La scorsa settimana abbiamo parlato della difficoltà di scegliere in una poesia scritta con un intento scherzoso, ma che è stata presa molto sul serio (se ve la siete persa, la trovate qui). Oggi, per rimanere in argomento, vorrei parlare di un’altra poesia che affronta il tema della scelta, con un tono leggero e quasi da filastrocca, anche se in realtà sotto un aspetto innocuo si cela il ritratto di uno dei luoghi dove prima o poi quasi tutti ci sentiamo intrappolati: quello dell’attesa senza riserve.


da Theodor Geisel, Oh, i posti dove andrai!

Quando ti trovi in un periodo buio,
c’è poco da restare allegri. […]
Arriverai in un posto dove le strade non sono segnate.
Alcune finestre sono illuminate. Ma la maggior parte sono oscurate. […]
Osi stare fuori? Osi entrare?
Quanto puoi perdere? Quanto puoi guadagnare?

E se entri, gireresti a sinistra o a destra…
o a destra e tre quarti? O, forse, né quella né questa? […]
Potresti confonderti al punto
da iniziare una volata
a rotta di collo per una strada dirupata
e sfacchinerai per miglia attraverso una strana area disabitata,
dirigendoti, temo, verso una zona desolata.
Quella dell’attesa incondizionata…

… per gente che attende.
Attende che un treno parta
o che un autobus arrivi, o che un aereo parta
o che la posta arrivi, o che la pioggia smetta
o che il telefono squilli, o che la neve cada in fretta […]
C’è solo gente che aspetta.

Aspetta che un pesce abbocchi
o che il vento sollevi gli aquiloni […]
o un filo di lustrini, o un paio di pantaloni
o una parrucca coi ricciolini, o altre occasioni.


Questi versi sono tratti da un libro illustrato per ragazzi, che in America è molto popolare soprattutto come regalo per i diplomati. Il testo da cui è tratta è molto più lungo e ha un taglio ottimista, termina con un’esortazione all’esplorazione e con la certezza che il ragazzo destinatario della poesia riuscirà ad abbandonare il luogo dell’attesa e a proseguire oltre, verso un futuro brillante.

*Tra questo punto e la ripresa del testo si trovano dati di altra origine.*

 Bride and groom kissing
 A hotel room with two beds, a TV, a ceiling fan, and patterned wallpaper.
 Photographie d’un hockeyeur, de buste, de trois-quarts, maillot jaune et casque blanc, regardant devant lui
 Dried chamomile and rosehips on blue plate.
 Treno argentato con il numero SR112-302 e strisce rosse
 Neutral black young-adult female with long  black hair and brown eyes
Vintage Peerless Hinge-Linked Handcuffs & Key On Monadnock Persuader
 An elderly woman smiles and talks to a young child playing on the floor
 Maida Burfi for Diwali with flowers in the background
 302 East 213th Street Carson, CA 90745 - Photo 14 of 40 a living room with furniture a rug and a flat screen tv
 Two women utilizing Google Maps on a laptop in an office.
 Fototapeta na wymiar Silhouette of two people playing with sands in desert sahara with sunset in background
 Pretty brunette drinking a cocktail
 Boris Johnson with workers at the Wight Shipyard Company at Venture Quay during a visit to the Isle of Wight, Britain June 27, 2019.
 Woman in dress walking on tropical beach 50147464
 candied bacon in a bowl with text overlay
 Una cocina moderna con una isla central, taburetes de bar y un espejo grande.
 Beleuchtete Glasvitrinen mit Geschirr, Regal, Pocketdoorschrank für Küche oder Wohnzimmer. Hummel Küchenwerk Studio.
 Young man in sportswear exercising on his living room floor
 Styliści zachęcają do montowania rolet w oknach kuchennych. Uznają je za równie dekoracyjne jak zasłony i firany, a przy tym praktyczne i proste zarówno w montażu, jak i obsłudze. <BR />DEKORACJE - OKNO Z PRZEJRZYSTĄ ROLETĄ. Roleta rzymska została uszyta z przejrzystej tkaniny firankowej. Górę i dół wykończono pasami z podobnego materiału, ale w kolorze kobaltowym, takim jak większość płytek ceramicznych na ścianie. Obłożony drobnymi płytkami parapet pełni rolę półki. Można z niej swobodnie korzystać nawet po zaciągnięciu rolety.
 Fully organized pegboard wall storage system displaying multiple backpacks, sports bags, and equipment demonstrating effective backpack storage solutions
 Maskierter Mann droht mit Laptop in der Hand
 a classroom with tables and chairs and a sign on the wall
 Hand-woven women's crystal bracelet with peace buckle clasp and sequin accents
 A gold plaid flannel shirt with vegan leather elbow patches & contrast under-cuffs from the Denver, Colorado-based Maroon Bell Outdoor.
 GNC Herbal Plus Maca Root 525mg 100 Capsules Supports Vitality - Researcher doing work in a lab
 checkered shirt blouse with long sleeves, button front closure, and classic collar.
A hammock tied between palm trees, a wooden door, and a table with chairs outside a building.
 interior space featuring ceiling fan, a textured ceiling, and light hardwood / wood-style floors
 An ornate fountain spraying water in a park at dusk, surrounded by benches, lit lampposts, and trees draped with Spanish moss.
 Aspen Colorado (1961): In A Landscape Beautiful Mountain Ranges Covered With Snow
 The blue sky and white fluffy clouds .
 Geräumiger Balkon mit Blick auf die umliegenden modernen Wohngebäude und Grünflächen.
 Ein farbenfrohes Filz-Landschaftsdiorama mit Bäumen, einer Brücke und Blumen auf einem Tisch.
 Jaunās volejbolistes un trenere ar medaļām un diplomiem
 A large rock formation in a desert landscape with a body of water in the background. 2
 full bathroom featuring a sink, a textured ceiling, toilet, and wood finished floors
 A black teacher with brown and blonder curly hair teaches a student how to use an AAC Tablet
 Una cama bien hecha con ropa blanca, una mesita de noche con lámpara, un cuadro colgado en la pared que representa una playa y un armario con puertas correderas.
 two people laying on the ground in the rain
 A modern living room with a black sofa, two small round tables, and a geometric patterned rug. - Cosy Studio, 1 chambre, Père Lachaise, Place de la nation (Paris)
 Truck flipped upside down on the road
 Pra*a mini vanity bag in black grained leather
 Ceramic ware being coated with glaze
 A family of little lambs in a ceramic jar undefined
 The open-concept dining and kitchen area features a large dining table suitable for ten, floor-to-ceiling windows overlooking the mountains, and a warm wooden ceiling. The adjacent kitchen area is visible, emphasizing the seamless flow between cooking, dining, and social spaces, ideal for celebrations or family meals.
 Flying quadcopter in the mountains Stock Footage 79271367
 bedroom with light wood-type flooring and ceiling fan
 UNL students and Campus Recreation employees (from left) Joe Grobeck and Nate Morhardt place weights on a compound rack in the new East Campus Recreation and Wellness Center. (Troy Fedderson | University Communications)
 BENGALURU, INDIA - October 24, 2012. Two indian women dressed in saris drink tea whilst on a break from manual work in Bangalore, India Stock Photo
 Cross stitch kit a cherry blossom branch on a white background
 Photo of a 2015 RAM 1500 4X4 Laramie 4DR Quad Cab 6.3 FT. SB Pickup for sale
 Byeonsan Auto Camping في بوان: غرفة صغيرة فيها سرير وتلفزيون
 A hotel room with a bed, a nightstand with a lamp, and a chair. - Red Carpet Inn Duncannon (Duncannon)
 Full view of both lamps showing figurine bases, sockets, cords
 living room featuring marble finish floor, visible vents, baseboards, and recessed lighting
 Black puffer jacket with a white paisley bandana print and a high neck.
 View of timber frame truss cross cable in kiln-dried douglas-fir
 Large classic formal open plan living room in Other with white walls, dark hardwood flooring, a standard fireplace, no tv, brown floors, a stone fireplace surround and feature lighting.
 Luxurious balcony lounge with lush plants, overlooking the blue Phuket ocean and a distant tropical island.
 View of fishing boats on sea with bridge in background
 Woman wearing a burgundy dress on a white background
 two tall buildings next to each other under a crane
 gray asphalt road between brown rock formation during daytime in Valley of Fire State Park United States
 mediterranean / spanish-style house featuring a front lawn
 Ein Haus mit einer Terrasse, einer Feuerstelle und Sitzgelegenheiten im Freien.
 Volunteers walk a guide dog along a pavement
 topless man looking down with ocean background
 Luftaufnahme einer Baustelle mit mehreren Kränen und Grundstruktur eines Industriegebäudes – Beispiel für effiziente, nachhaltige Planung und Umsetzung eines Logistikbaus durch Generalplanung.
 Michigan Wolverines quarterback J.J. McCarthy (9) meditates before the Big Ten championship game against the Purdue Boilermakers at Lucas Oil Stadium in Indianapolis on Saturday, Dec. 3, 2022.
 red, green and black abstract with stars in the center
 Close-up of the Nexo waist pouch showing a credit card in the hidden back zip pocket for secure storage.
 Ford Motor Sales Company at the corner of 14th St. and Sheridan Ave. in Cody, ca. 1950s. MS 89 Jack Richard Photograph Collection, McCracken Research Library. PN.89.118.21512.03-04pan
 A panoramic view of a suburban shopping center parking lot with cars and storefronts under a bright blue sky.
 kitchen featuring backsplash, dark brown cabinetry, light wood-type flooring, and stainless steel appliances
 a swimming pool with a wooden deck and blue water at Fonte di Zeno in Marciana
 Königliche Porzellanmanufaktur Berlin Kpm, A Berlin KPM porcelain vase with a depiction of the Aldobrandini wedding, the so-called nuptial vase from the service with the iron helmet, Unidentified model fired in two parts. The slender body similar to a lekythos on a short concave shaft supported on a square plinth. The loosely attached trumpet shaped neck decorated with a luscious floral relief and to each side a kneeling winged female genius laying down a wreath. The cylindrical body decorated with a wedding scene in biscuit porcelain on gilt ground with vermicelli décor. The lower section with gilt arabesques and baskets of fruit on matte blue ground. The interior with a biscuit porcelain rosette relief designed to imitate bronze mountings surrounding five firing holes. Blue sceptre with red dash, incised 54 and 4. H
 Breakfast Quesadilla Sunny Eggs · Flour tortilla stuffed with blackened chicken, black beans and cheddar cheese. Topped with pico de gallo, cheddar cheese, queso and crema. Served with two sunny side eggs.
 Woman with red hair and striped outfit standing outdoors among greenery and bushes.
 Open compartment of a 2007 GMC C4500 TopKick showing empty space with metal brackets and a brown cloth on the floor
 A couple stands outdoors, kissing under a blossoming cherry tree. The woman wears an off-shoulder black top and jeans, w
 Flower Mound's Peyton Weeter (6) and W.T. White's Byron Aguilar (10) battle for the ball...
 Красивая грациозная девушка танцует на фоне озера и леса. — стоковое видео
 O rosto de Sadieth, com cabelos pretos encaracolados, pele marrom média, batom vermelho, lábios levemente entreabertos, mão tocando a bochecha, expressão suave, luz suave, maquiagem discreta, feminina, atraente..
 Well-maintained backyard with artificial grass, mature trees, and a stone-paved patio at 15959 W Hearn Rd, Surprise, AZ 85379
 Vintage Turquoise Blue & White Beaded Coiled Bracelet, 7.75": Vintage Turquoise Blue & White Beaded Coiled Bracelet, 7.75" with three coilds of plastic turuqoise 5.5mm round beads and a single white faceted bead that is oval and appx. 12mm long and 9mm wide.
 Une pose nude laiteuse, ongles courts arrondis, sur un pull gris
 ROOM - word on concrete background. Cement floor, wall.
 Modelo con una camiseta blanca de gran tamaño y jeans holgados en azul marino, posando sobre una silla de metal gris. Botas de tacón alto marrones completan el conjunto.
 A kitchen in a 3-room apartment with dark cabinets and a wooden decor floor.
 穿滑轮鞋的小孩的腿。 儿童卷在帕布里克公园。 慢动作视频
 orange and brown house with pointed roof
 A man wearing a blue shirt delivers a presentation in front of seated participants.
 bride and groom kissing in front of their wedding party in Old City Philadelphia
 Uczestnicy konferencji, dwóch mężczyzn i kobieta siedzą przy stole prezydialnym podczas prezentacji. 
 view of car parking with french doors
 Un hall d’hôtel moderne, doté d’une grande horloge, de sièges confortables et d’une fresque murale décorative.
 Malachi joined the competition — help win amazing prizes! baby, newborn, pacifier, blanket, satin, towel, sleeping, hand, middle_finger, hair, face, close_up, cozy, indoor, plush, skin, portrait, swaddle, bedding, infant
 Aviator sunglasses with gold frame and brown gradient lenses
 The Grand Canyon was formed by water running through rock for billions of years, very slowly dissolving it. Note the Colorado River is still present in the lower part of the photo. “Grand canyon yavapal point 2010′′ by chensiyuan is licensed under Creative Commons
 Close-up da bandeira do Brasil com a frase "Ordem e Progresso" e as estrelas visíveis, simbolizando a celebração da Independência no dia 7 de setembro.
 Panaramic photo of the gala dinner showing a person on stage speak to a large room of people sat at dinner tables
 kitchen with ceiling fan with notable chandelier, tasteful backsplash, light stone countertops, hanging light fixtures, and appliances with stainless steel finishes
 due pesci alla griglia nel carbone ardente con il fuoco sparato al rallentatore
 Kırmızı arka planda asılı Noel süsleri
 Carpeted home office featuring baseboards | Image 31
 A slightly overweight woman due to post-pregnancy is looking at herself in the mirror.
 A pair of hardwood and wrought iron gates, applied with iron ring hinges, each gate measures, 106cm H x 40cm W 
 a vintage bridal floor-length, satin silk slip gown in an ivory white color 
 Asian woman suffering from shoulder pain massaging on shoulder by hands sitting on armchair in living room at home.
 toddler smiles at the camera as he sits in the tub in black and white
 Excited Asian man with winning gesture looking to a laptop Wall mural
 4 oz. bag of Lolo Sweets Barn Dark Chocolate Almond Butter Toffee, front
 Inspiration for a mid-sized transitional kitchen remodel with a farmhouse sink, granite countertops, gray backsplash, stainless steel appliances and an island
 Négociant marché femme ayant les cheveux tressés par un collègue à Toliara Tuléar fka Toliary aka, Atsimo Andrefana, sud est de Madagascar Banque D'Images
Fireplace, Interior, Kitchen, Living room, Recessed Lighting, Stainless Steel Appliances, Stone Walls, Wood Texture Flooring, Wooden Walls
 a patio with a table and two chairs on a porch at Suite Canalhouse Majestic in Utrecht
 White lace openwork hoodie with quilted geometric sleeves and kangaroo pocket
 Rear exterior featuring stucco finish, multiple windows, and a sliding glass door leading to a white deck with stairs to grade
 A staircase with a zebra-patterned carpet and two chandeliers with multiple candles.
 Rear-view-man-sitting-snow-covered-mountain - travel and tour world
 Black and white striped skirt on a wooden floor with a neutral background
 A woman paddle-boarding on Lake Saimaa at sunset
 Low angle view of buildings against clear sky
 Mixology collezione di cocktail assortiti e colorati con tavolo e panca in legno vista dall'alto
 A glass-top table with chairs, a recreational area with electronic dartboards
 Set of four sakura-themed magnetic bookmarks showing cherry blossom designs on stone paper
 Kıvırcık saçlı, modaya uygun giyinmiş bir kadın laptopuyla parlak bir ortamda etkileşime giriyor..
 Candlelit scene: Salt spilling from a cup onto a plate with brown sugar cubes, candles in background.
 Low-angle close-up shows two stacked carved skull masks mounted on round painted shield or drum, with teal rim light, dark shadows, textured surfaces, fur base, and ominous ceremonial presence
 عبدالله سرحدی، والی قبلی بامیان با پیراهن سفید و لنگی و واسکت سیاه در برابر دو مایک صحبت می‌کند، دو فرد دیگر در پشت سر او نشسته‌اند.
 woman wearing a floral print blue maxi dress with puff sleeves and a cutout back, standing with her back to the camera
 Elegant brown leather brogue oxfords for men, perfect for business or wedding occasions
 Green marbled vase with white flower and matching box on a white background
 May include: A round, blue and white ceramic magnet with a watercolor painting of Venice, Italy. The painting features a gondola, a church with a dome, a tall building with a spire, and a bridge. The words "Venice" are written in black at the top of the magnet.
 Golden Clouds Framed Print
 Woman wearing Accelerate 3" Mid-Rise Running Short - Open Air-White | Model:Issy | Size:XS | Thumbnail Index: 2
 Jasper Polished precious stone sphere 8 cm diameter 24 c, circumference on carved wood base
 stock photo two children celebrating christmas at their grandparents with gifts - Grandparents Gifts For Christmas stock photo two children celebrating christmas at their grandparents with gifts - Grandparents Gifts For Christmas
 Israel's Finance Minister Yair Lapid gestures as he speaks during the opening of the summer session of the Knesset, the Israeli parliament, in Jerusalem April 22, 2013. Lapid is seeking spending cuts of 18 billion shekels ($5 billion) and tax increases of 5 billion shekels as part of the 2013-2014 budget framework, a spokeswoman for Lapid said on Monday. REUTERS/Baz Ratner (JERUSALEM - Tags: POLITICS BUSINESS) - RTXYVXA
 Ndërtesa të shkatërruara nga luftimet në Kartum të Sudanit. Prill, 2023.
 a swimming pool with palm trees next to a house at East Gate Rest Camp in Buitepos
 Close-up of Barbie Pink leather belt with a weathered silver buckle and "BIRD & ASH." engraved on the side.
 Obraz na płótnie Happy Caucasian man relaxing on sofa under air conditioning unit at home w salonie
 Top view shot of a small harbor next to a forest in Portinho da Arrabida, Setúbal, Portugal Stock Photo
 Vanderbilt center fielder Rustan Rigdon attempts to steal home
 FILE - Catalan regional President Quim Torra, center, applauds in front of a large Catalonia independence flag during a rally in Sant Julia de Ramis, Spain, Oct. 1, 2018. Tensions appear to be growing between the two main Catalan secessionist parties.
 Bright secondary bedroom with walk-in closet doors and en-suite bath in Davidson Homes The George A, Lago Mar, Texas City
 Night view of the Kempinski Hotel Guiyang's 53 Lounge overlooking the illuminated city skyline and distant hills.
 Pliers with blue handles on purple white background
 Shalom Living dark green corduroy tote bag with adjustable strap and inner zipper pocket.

Io mi sono fermata qui non perché sono contraria alle conclusioni felici, ma perché adesso mi interessava la descrizione del luogo dell’attesa. Nonostante l’apparente facilità e immediatezza, infatti, la trovo adatta non solo ad un ragazzo, ma anche – e forse di più – ad un adulto. Quello dell’attesa, infatti, è un posto dove si va a finire quasi tutti, prima o poi, o per scelta – o per meglio dire perché non riusciamo a scegliere – o per costrizione, e a me piace pensare a queste parole come ad un monito contro il rischio di rimanere intrappolati in una vita di attesa se non si ha il coraggio di scegliere.